**DATASET RECORDS**

..............................

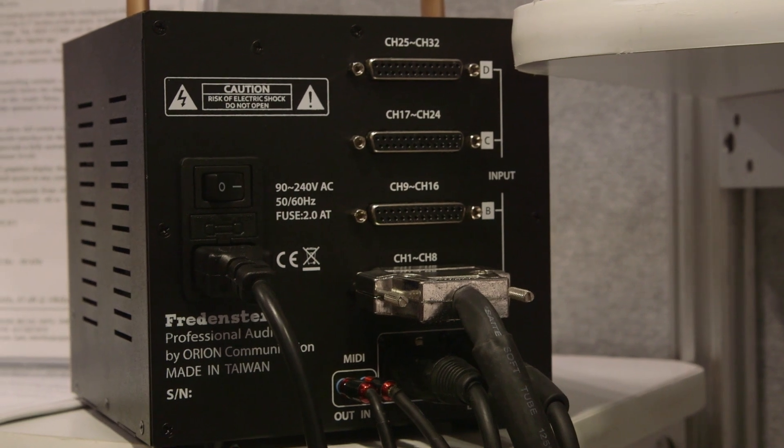This is available in various different channel counts. The 8-channel version is $12.99, the 16-channel version is $19.99, the 24-channel version is $26.99, and the 32-channel fully loaded is $33.99. They're shipping in the next couple of months — we expect January.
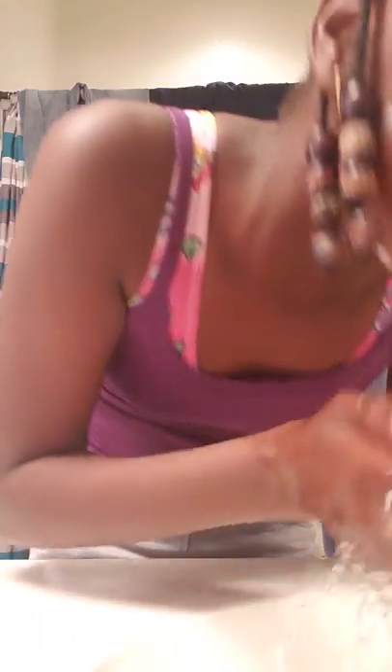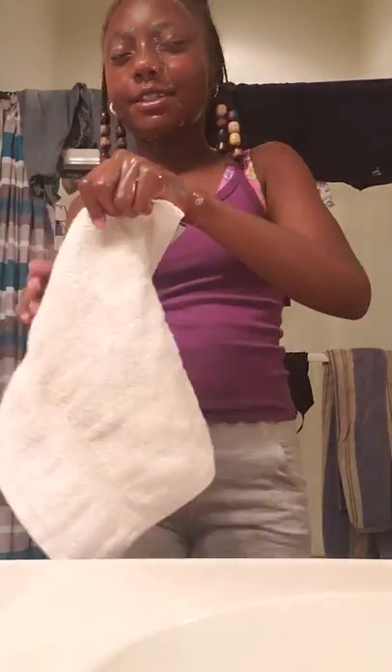Okay guys, after you get out, you get a dry towel. Dry towel.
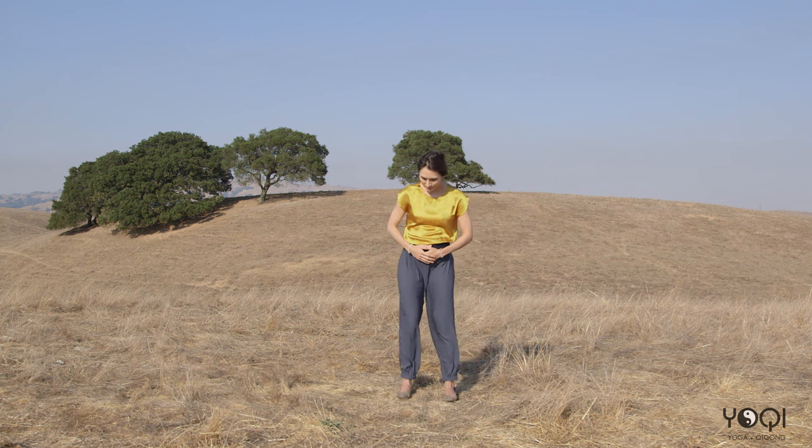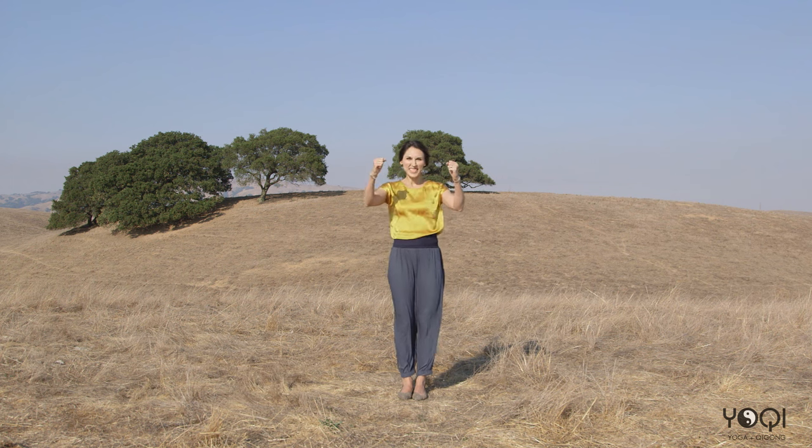Step your feet together — feeling nice and relaxed, balanced, boosted, and strong for autumn. I wish you a wonderful season. Check out the Yochi video on demand library — every month I put up new videos and every season we have a complete seasonal series. I've put a lot of work and effort into this, so I'm excited to share it. Thank you and see you again.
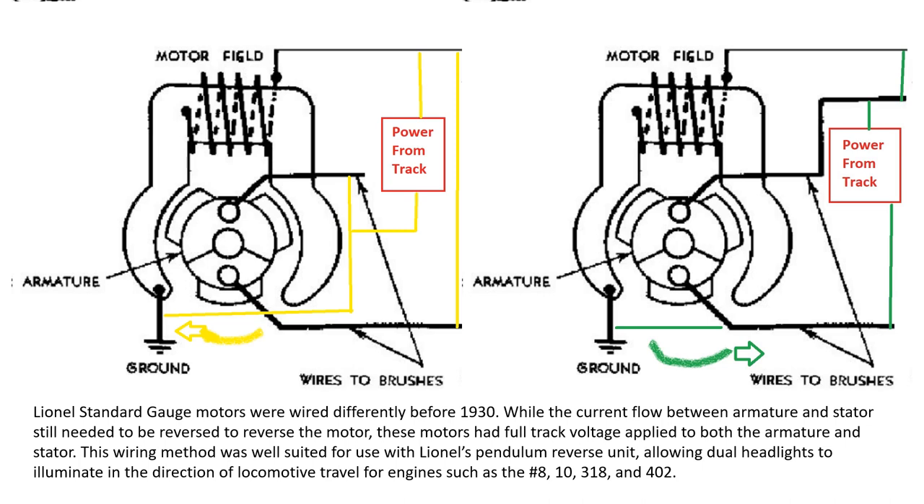This wiring was particularly used when the early Lionel reverse unit called the pendulum reverser was used with locomotives such as the number 8, number 10, 318, and 402 — particularly the electric locomotives with two headlights. The wiring on the pendulum reverser would permit illumination of the headlight in the direction the motor was traveling. In the next sketches, you'll see a little more detail as to how that happened.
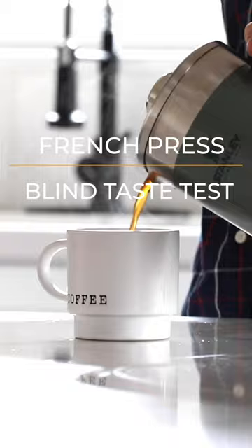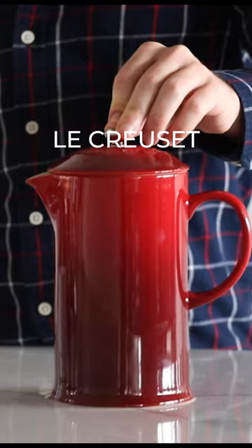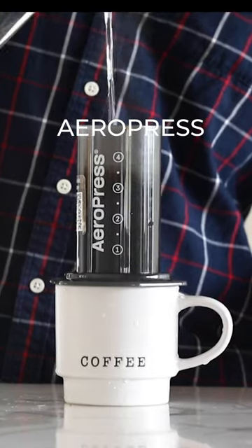We're using the exact same beans and the exact same grinder to taste test these three different French press style coffees. Emily's testing for us today. We're gonna start with the Stanley. What are your thoughts? Pretty smooth, nice and hot. Tastes like espresso to me.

..............................

**EXERCISE DIRECTIONS**
With the pictures left out, write out exactly the lines above from the one containing "Step your feet" through the one containing "This wiring was".

**RESULT OF THE TASK**
Step your feet together — feeling nice and relaxed, balanced, boosted, and strong for autumn. I wish you a wonderful season. Check out the Yochi video on demand library — every month I put up new videos and every season we have a complete seasonal series. I've put a lot of work and effort into this, so I'm excited to share it. Thank you and see you again.
This wiring was particularly used when the early Lionel reverse unit called the pendulum reverser was used with locomotives such as the number 8, number 10, 318, and 402 — particularly the electric locomotives with two headlights. The wiring on the pendulum reverser would permit illumination of the headlight in the direction the motor was traveling. In the next sketches, you'll see a little more detail as to how that happened.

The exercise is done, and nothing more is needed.